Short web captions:
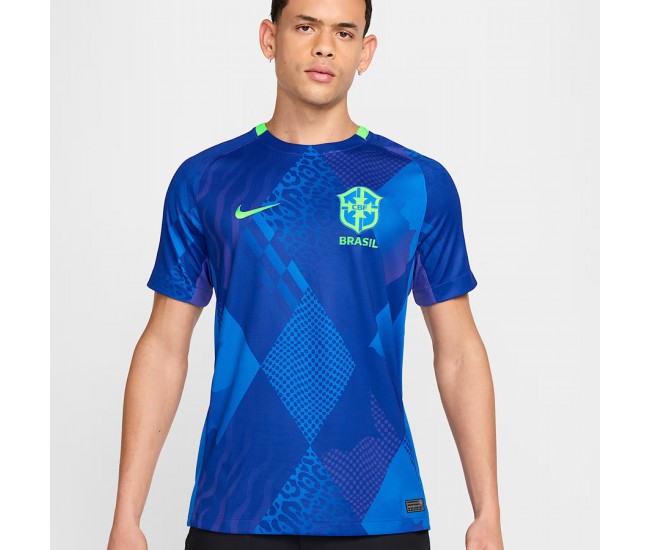 Camisa reserva masculina do Brasil 2025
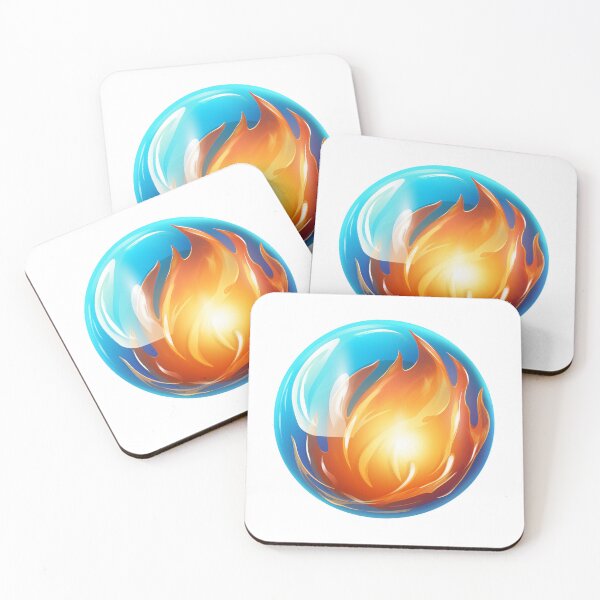 Item preview, Fiery Core Crystal Orb designed and sold by New-School-Wave.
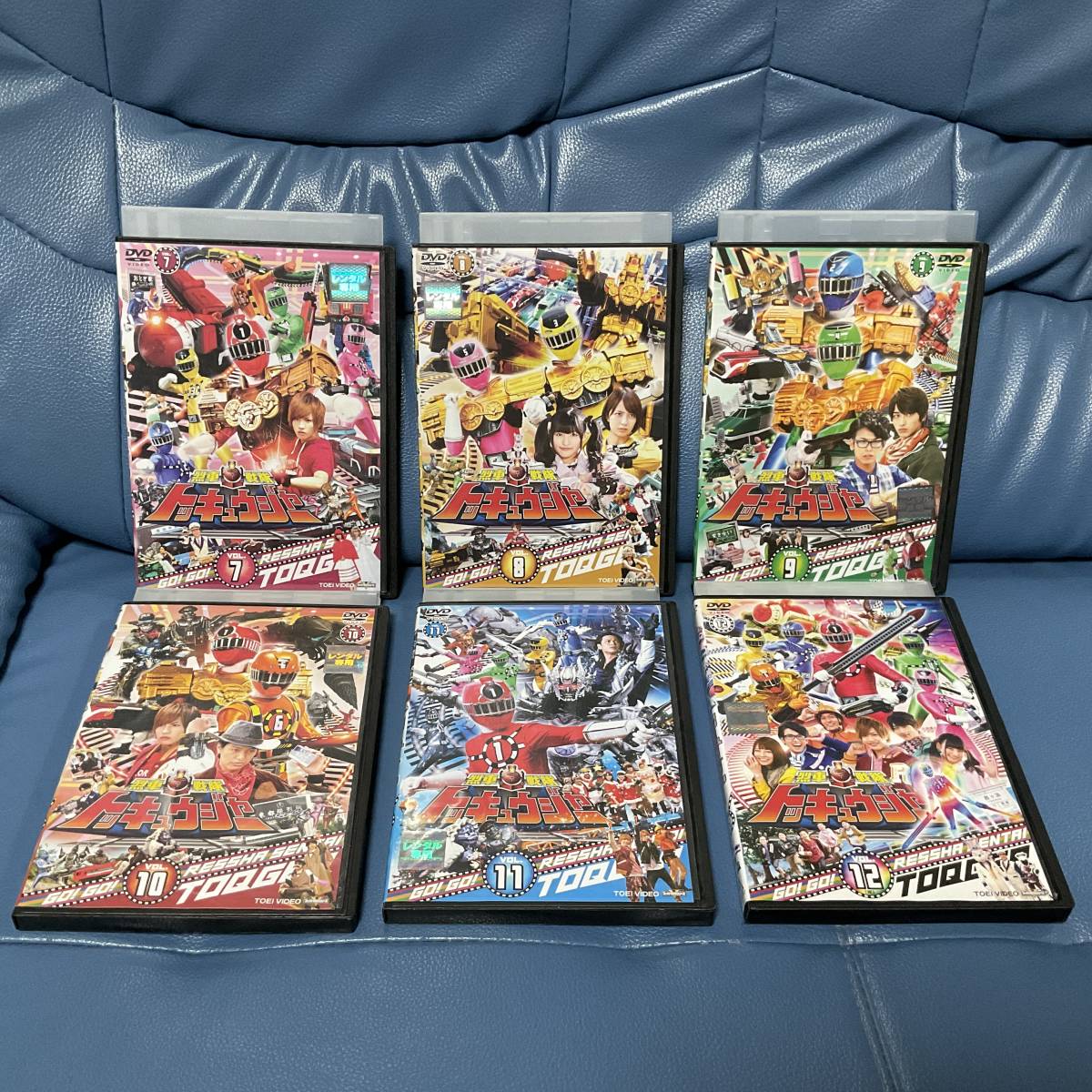  * DVD * 烈車戦隊トッキュウジャー 全12巻 ＋ ニンニンジャー VS トッキュウジャー ＋ 夢の超トッキュウ7号 *計14巻*特典映像*志尊淳*_画像4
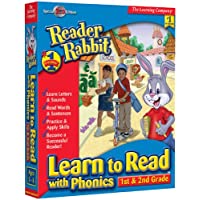 Reader Rabbit Learn To Read With Phonics: 1st - 2nd Grade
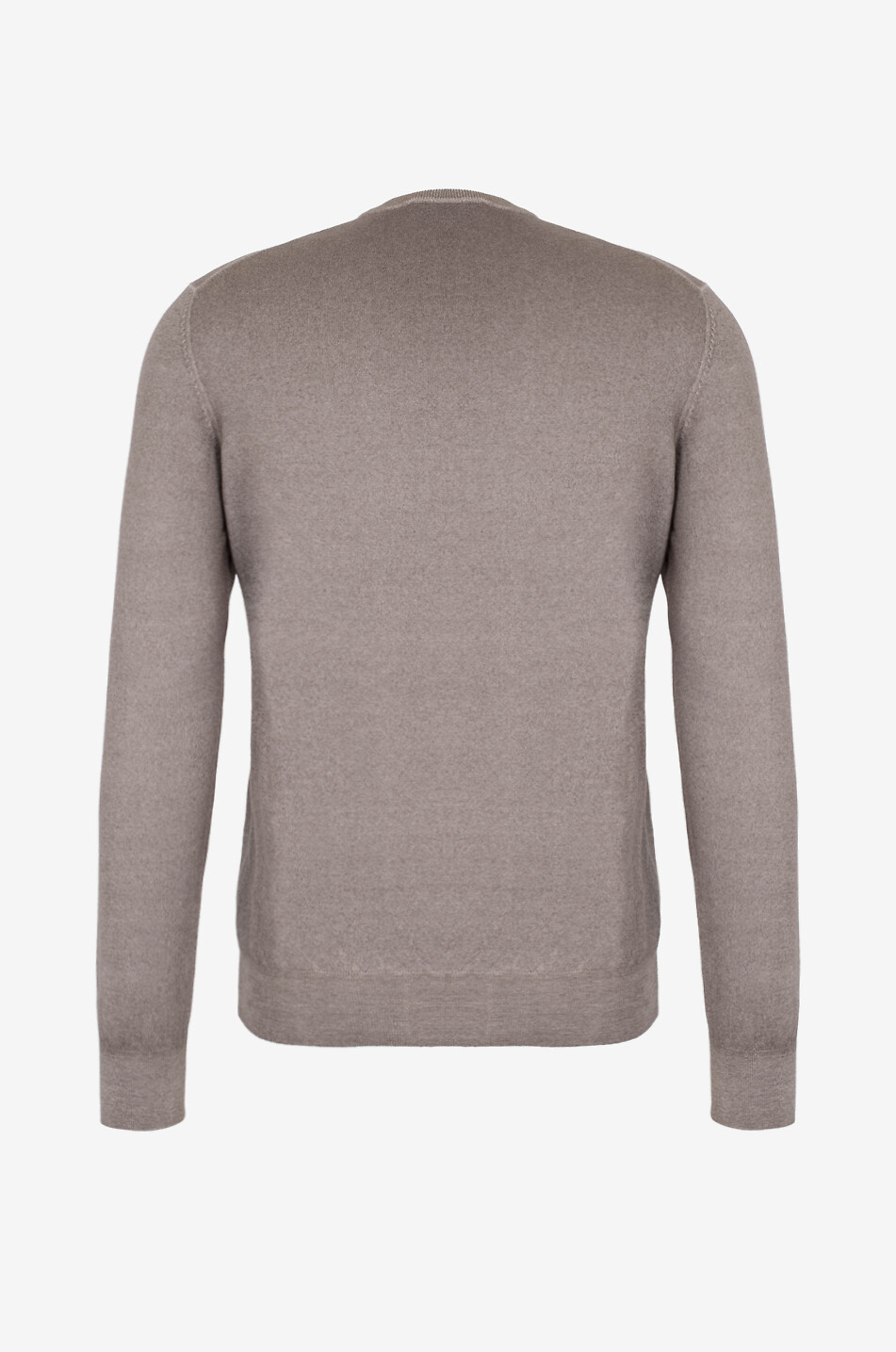 GRAN SASSO Pull fin à col rond en cachemire Vintage Cashmere Homme MARRON MOYEN 2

- EXERCISE BRIEF
Repeat the records above exactly. No pictures go into the repeat.

- TASK RESPONSE
 Camisa reserva masculina do Brasil 2025
 Item preview, Fiery Core Crystal Orb designed and sold by New-School-Wave.
  * DVD * 烈車戦隊トッキュウジャー 全12巻 ＋ ニンニンジャー VS トッキュウジャー ＋ 夢の超トッキュウ7号 *計14巻*特典映像*志尊淳*_画像4
 Reader Rabbit Learn To Read With Phonics: 1st - 2nd Grade
 GRAN SASSO Pull fin à col rond en cachemire Vintage Cashmere Homme MARRON MOYEN 2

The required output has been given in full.